- Court said Section 144 can't be used to stop expression of opinions
- Top court ruled that Section 144 was only applicable in emergencies
- Court also said Section 144 use had to balance rights with security need
The repetitive use of Section 144, a colonial-era law that prohibits large gatherings and is used by the government to curb protests, amounts to an "abuse of power", the Supreme Court told the centre today. In a landmark verdict that found widespread restrictions in Jammu and Kashmir, imposed by the centre since controversially withdrew Article 370, to be violative of the "legitimate expression of opinion or grievance of any democratic rights", the court ordered the J&K administration to review all restrictive orders currently in place.
"Section 144 cannot be used as a tool to prevent the legitimate expression of opinion or grievance of any democratic rights. Constitution protects expression of divergent views... cannot be the basis for invocation of Section 144 unless there is sufficient material to show incitement to violence or threat to public safety," the top court said this morning.
"Repetitive orders under Section 144 would be an abuse of power," the court added.
A three-member bench consisting of Justices NV Ramana, R Subhash Reddy and BR Gavai also criticised the government over the indefinite ban of internet services, calling the right to internet a part of freedom of speech and expression.
Coming down heavily on the government for its repeated use of Section 144, the Supreme Court said the order could not be used as "a tool to oppress difference of opinion" and directed the authorities to publish orders for all uses of Section 144 and other restrictions.

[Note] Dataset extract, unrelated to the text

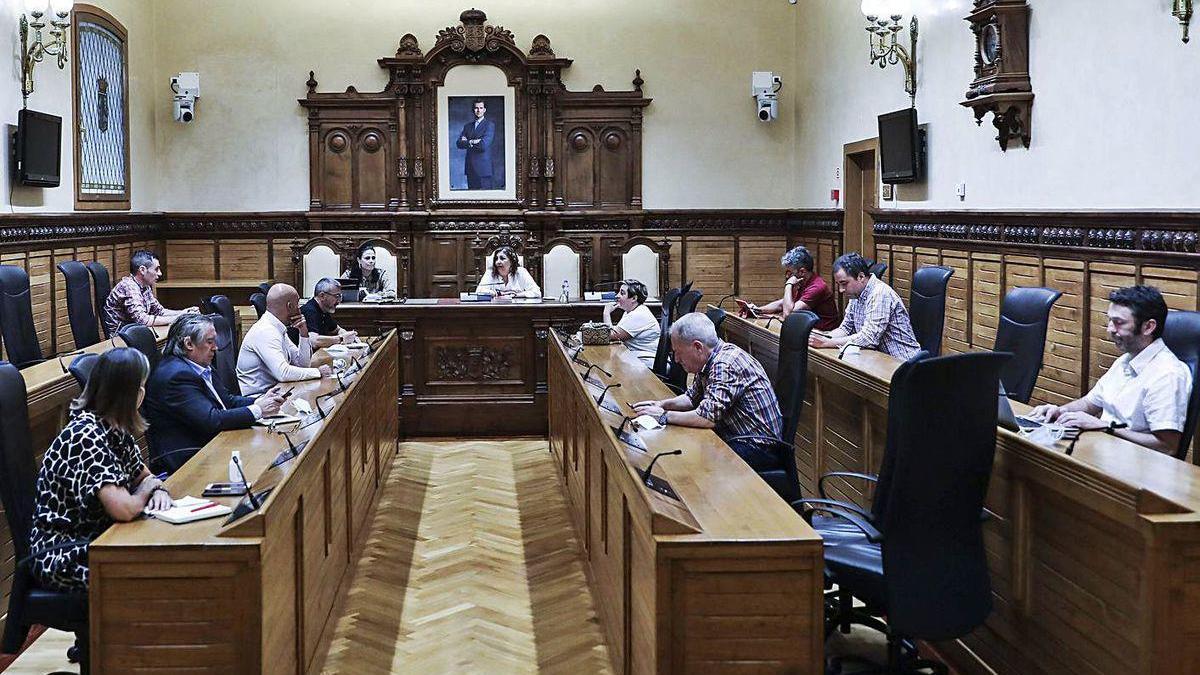 el primer paso de la comisión. Marina Pineda en la mesa presidencial junto a la titular de la Secretaría General, Inmaculada Fernández Gancedo, y ante los ediles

"...provisions of Section 144 will only be applicable in a situation of emergency and for the purpose of preventing obstruction and annoyance or injury to any person lawfully employed," the court ruled, adding, "...orders passed under Section 144 have direct consequences upon fundamental rights of the public. Such a power, if used in a casual and cavalier manner, would result in severe illegality. This power should be used responsibly".
The court said a District Magistrate ordering Section 144 was "duty-bound to balance rights and restrictions based on the principles of proportionality and thereafter, apply the least intrusive measure".
Prohibitory orders under Section 144 have been frequently employed by centre and state governments in recent months to quell backlash over the contentious citizenship act. It was also employed in Jammu and Kashmir to stop protests against the withdrawal of Article 370.
The centre had justified restrictions imposed in Jammu and Kashmir after the provisions of Article 370 were removed and said that due to the preventive steps taken, neither a single life was lost nor a single bullet was fired.